Die Frage ist nur, ob sich die Politik für diese partizipativen Angebote weiterhin starkmachen wird. Die AfD Sachsen wendet sich in ihrem „Regierungsprogramm” gegen „ein vorrangig politisch motiviertes, propagandahaft-erzieherisches Musikund Sprechtheater”. Sind damit auch die Bürgerbühnen gemeint? Was ist mit anderen Formaten, zum Beispiel dem Gesprächsformat „Dialog”, das das Theater in Freiberg im Spielplan hat? Die AfD hatte anlässich einer Folge, bei der eine Publizistin und ein Pfarrer über die Neue Rechte diskutieren sollten, beanstandet, mit diesem Format würde indirekt Wahlkampf gegen die AfD betrieben. Die künstlerische Theaterleitung widerspricht dieser Sicht. Der „Dialog” sei Teil eines bestätigten Konzepts des Theaters zum Kulturpakt 2019–2022, und sie fügt hinzu: „Die in einem Schreiben sowie öffentlich in einer Stadtratssitzung erfolgte Aussage, dass ‚derartige Veranstaltungen in Zukunft nicht mehr in den Räumlichkeiten und in Verantwortung des Theaters organisiert und durchgeführt werden dürfen’, halten wir für einen deutlichen Eingriff in die Spielplangestaltung, den wir entschieden ablehnen.”

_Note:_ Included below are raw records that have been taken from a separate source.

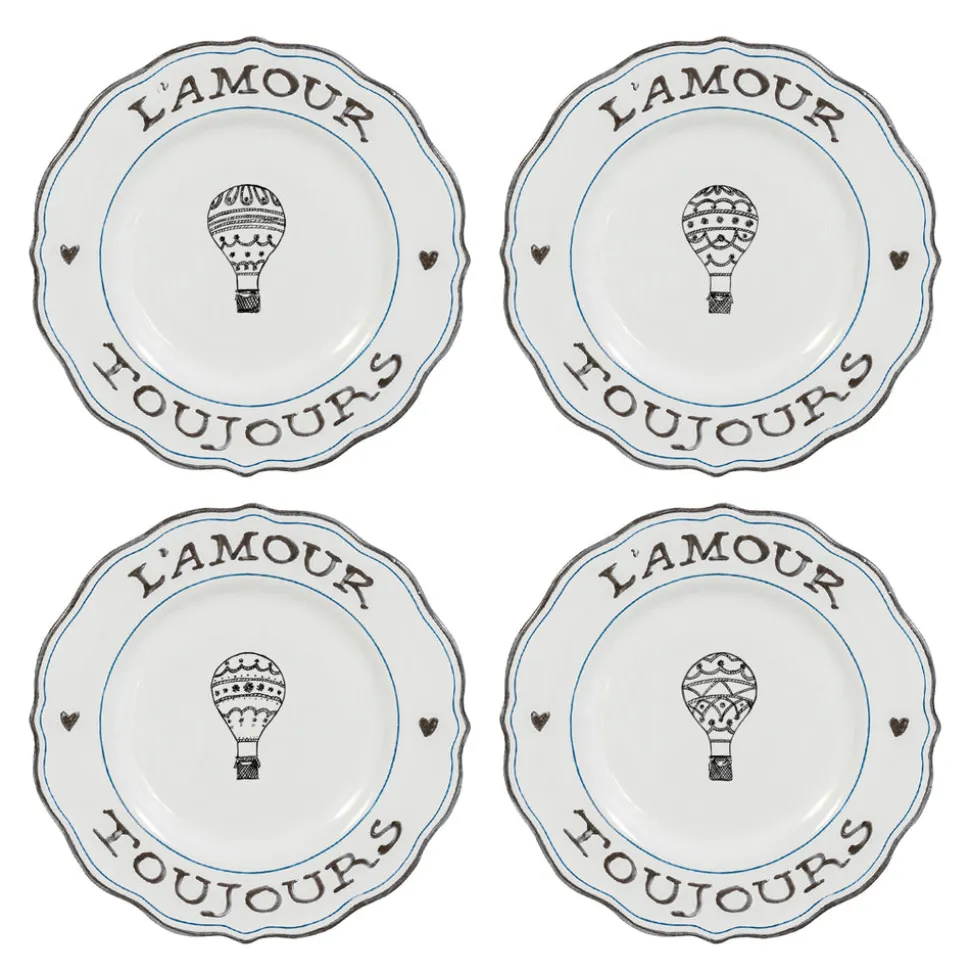 L’Amour Toujours Dessert/Salad Plates, Assorted, Set of 4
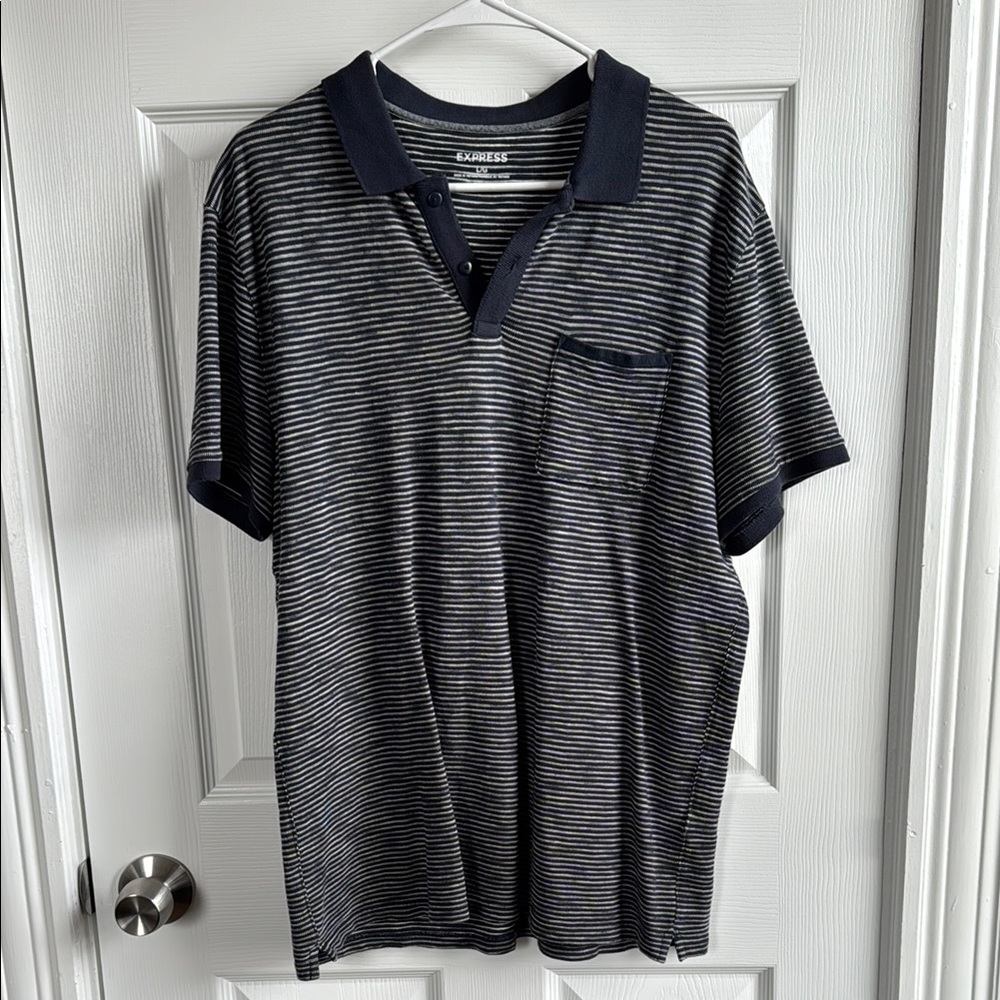 Express Blue and White Polo Shirt Casual Style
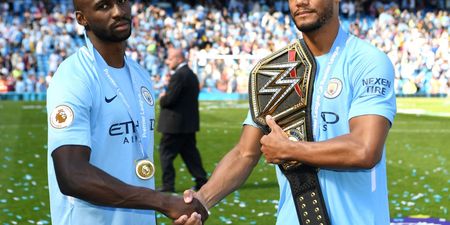 Eliaquim Mangala derided for appearing at Manchester City’s title presentation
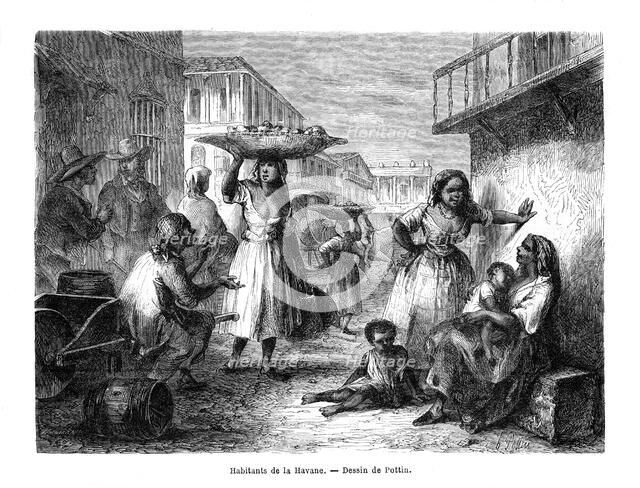 Inhabitants of Havana, Cuba, 19th century. Artist: Pottin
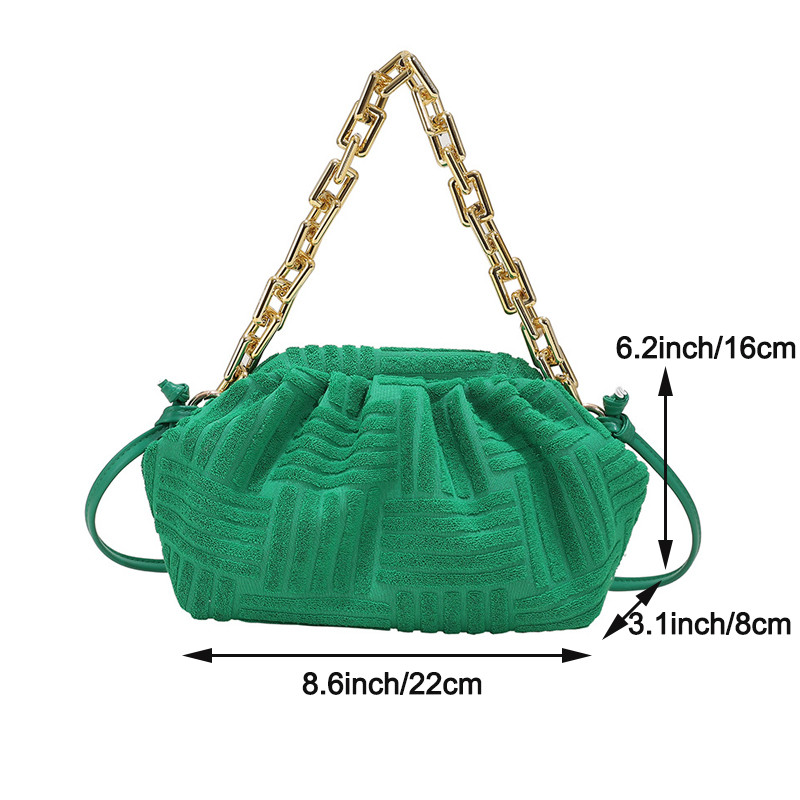 Πολυτελής υφασμάτινη πετσέτα σχεδιαστή τσάντα σύννεφο για γυναίκες 2022 Μόδα ακρυλικές αλυσίδες πουγκί Γυναικεία τσάντα μάρκες Τσάντα ώμου χιαστί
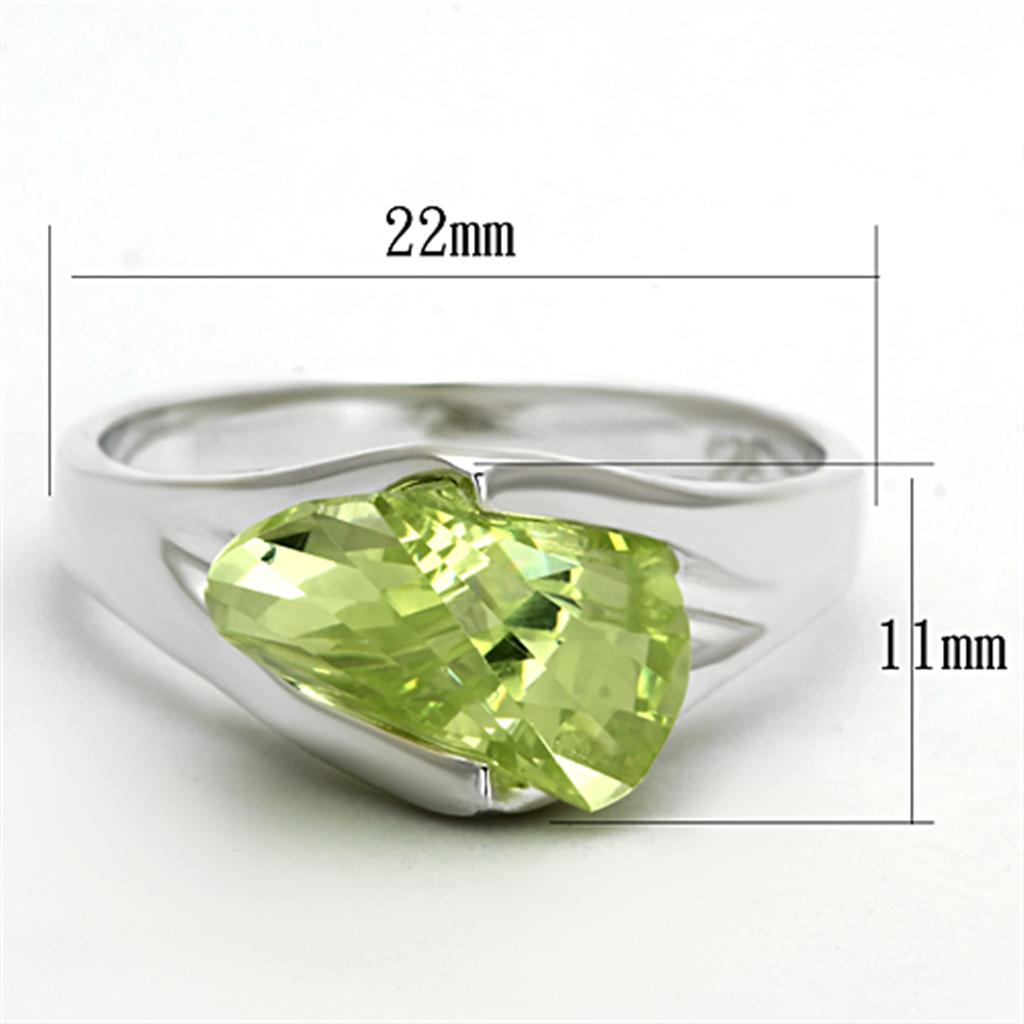 LOS646 Silver 925 Sterling Silver Ring featuring a vibrant apple green AAA Grade CZ stone, elegantly designed for any occasion.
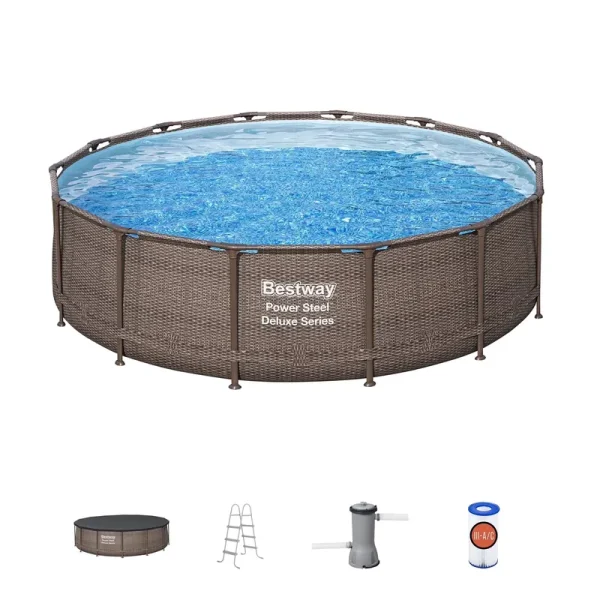 Bestway Power Steel 14' x 42" Round Above Ground Outdoor Swimming Pool Set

Ist hier die Kunstfreiheit in Gefahr? Auch und besonders auf kommunaler Ebene? Vor diesem Hintergrund sind Antworten vielsagend, die die Intendanten auf die Frage geben, ob der Bund bei der Theaterfinanzierung künftig stärker mitmischen soll: 13 Theater bejahen die Frage, 11 Theater finden, die Frage greife zu kurz. Lutz Hillmann (Bautzen) plädiert dafür, dass der Bund in die Theaterfinanzierung einbezogen werden sollte, „damit wir von möglichen politischen Konstellationen, die auf Landesebene in Kultur eingreifen wollen, unabhängiger werden”. //

Der Autor ist Theaterredakteur beiMDR Kultur und Mitinitiator der Umfrage.